Im Jahr 2015 sind nach Angaben des Statistischen Bundesamts etwa zwei Millionen Zuwanderer nach Deutschland gekommen, bei etwa 800 000, die das Land verließen. Es ist einfach erwartbar, dass eine so große Zuwanderung – zudem zu einem großen Teil aus Gebieten, in denen Krieg, Gewalt und Terror herrschen – auch mit der Angst verbunden ist, Unsicherheit oder gar Kriminalität zu importieren.
Ob diese Angst Realitäten trifft oder nicht, sie selbst ist nun einmal real. Reale Ängste aber verschwinden nicht einfach schon dadurch, dass sie als politisch unkorrekt gekennzeichnet werden.
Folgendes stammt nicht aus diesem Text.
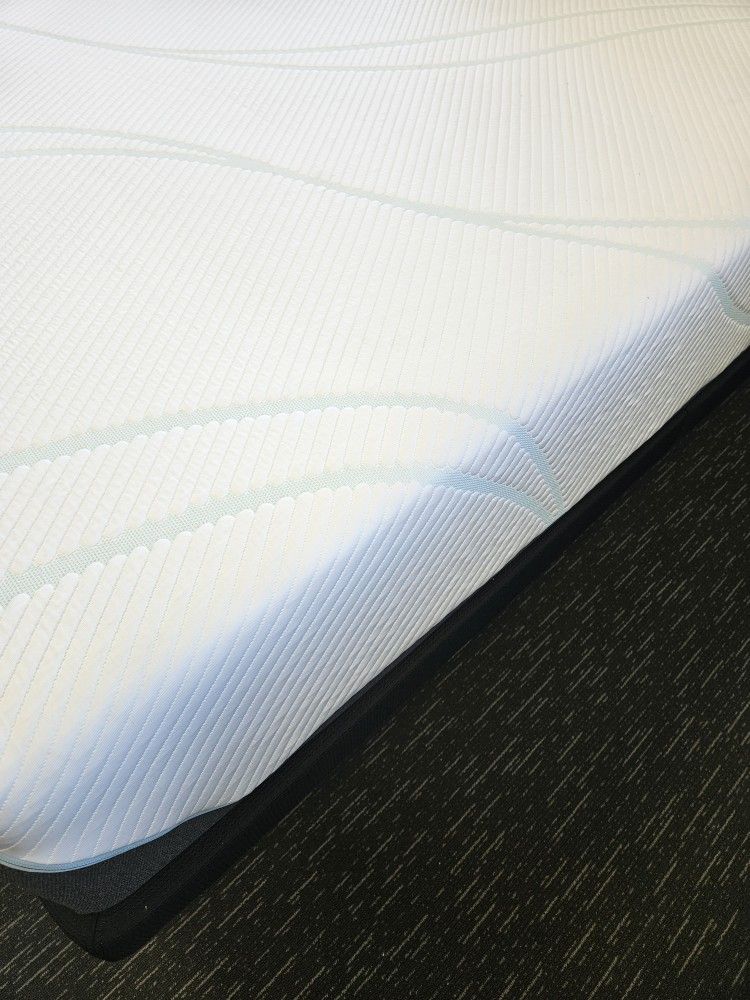 Tempur-Pedic Proadapt 45% Off!!!!
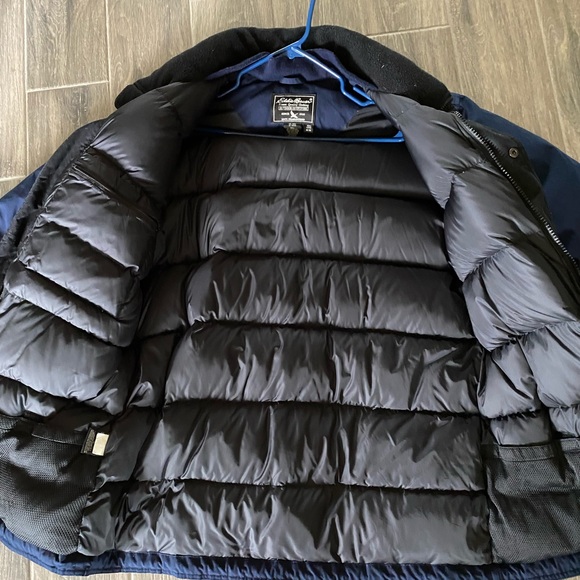 Eddie Bauer Men’s Winter Jacket Goose Down Filled Size Med ❄️🌬🌨 - Picture 6 of 11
Die massiven Übergriffe von Köln wirkten zudem als eine fatale Bestätigung dieser Befürchtungen. Es ist nicht hinreichend, aber notwendig, in einer solchen Situation mit offenen Karten zu spielen und den Eindruck zu vermeiden, dass Menschen wesentliche Informationen vorenthalten werden.
Mir kam es schon mehrfach so vor, als setzte mittlerweile bei jeder öffentlich bekannt gewordenen Straftat irgendjemand bei Twitter oder Facebook die Vermutung in die Welt, sie sei von einem Moslem begangen worden. Diese Verbreitung von Gerüchten legitimiert sich eben durch das Gefühl, dass Regierungen, staatliche Organisationen und etablierte Medien wichtige Informationen verschweigen würden.
Das Problem aber sind nicht die Informationen selbst: Was Linken ebenso fehlt wie Rechten, ist die Fähigkeit, mit ihnen auch seriös umzugehen. Es ist kein selbstverständlich geteiltes Wissen mehr, dass einzelne Taten – auch mehrere ähnliche Taten – sinnvoll nicht einfach verallgemeinert werden und auf alle Angehörigen einer Gruppe bezogen werden können.
Wer zu Recht erwartet, dass ein Verbrechen durch einen Flüchtling nicht auf alle Flüchtlinge projiziert werden sollte – der muss dann eben auch darauf verzichten, alle Männer als potenzielle Vergewaltiger zu bezeichnen.
Wer sich Überfremdungsphantasien entgegenstellt, macht sich unglaubwürdig, wenn er zugleich von Patriarchat und Männerherrschaft fabuliert.
Wer Sensibilität für Diskriminierungen von Zuwanderern einfordert, aber zugleich verkündet, dass es keinen Sexismus gegen Männer und keinen Rassismus gegen Weiße geben könne – der formuliert Slogans für seine eigene Filterblase, verzichtet aber darauf, irgend jemanden außerhalb davon überzeugen zu können.
Niewendicks Text führt in seiner tiefen Verkorkstheit mit dankenswerter und aufopferungsvoller Deutlichkeit vor, in welchen bescheuerten Widersprüchen diese Positionen münden.